Here, for comparison, is Ó Máilles text (p.182-3). His title is “Neillí Pluincéad”. In this transcription, I have inserted line numbers which correspond to Cody’s version above, so we can see how the two versions collate against each other:

[1-2] ‘Nellí an chúil chraobhaigh, a bhfuil do dhá shúil ar dhath an fhéir ghlais,
[3-4] ‘s tú féachaint gach lá, a’s ní bréag a bhuil mé (a) rádh,
[5-6] gur tú, a ghaoil, na bhfear éachtach ó Ardamacha bréige
[7-8] fuair clú mhór ó Ghaodhalaibh le tréine do lámh

[27-28] Gidh nach maireann insa tír-sa ach thú do do ghaolta
[29-30] ní isleóchainn mo ghlór d’éan neach dhá bhfuil beo,
[31-32] dar mo láimh is duit a thug mé annsacht a cheansaigheach a’ tslóigh
[33-34] nir chuma liom god-é ‘deirinn le do bhéal tanaidh mar an rós
[35-36] Ach cead fháil suidhe sios le do thaobh nó go mbeinn is tú ag ól.

[9-10] Dar a n-abraim, ‘s ni bréag, le bán-chrios an uicht ghléighil
[11-12] Is tú is éafachtaigh note air bhéarsa & air phrós
[13-14] Air a bhfuil a’ taobh-si uile don réigiún ‘s tú féin a fuair a bhuadh (vogue?)
[15-16] ach a cheansaigheach chiúin chéillidh más léir leat-s ‘an spóirt,
[17-18] dar an lámh-as má fhéadaim ní bheidh tú gan ceol.
[19-20] Dá gcloisinn uait sgéala ghluaisfinn dod’ fhéachaint
[21-22] Dá mbeitheá insa Spáinn a phéirlin an chúil bhreágh
[23-24] A bhuil do ghris-ghruaidh ar dhath na gcaora dhár dhual maitheas & féile
[25-26] A’s thug tú buaidh in gach réigiún ar na céadaibh do mhnáibh.

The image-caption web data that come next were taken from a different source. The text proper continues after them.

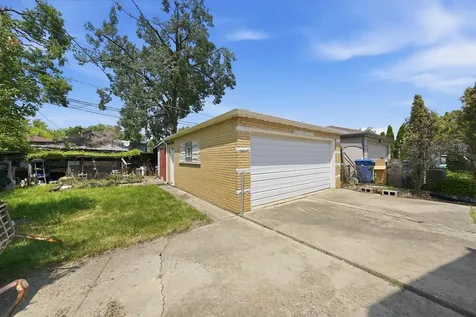 7048 West 72nd Place Chicago IL 60638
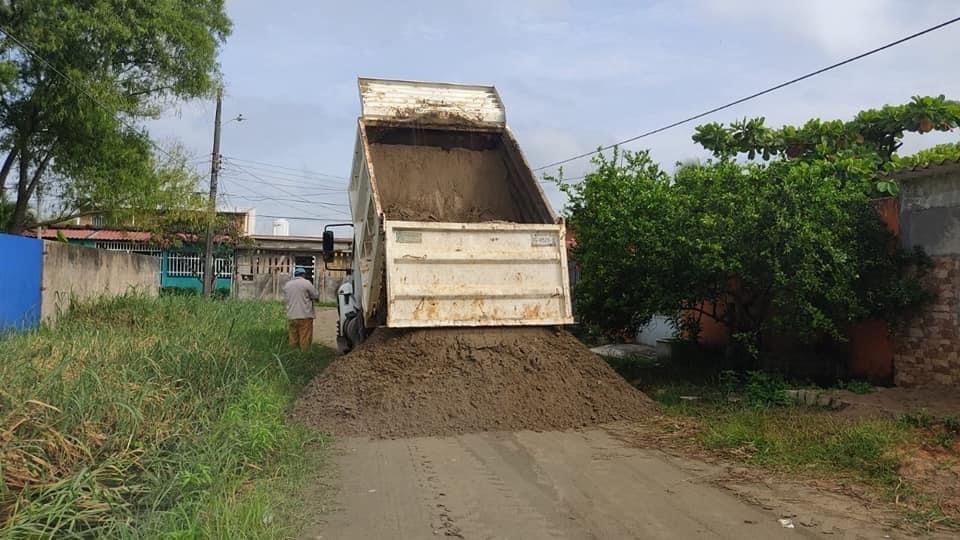 Rehabilita Ayuntamiento calles de la Elvira Ochoa y Tierra Nueva 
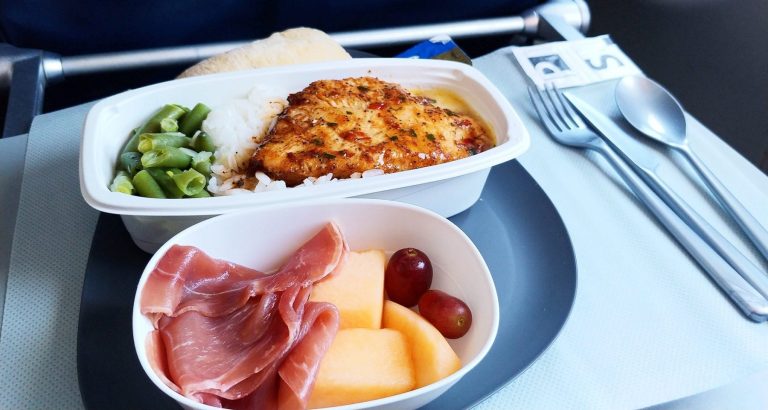 Can You Bring Food On Delta Airlines?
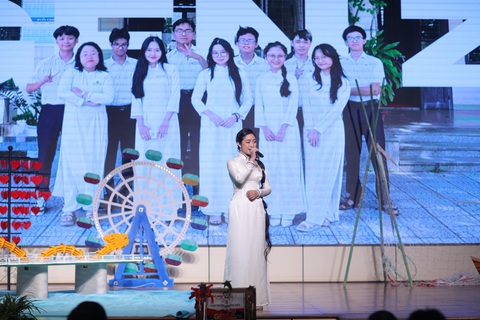 Đội Trường THPT Hoàng Hoa Thám giành giải Nhất cuộc thi 'Gen Z xứ Quảng' - Ảnh 4. Thí sinh Trường THCS-THPT Nguyễn Khuyến thi hùng biện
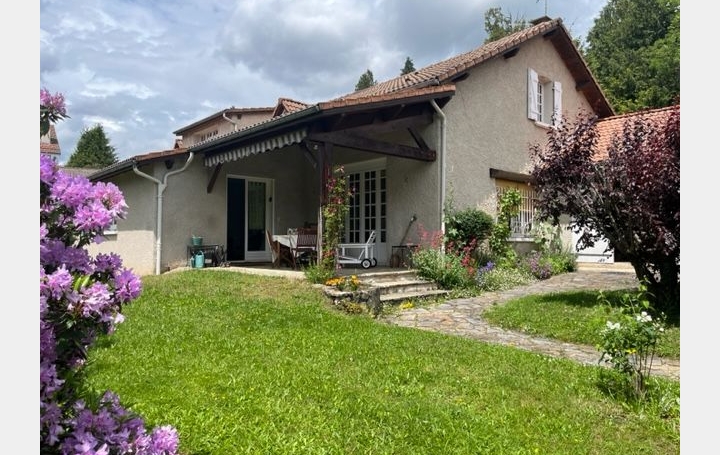 Réseau Immo-diffusion : Maison  LA MONNERIE-LE-MONTEL  282 m2 199 000 €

Putting the numbers of Cody’s lines, onto Ó Máille’s text, helps us to understand the structure. We can see that the song has four sections, the first of 8 lines, the second of 10, the third of 8, and the fourth of 10; and (if we trust Cody’s order) we can see how Ó Máille has shifted the final section of 10 lines up out of place. I will say more about this section structure later, after we have analysed the tunes. But first, the content and context of the song.

Ann Heymann’s observation

We have often discussed how Eleanor Plunkett has become a standard in the contemporary tradition, but we have wondered about the way that the tune has been lifted (via Donal O’Sullivan) from Cody’s versions of the tune – there are no published versions of the tune from before 1958 as far as I can see. And there have always been questions about the key or mode of the tune. We will return to that below.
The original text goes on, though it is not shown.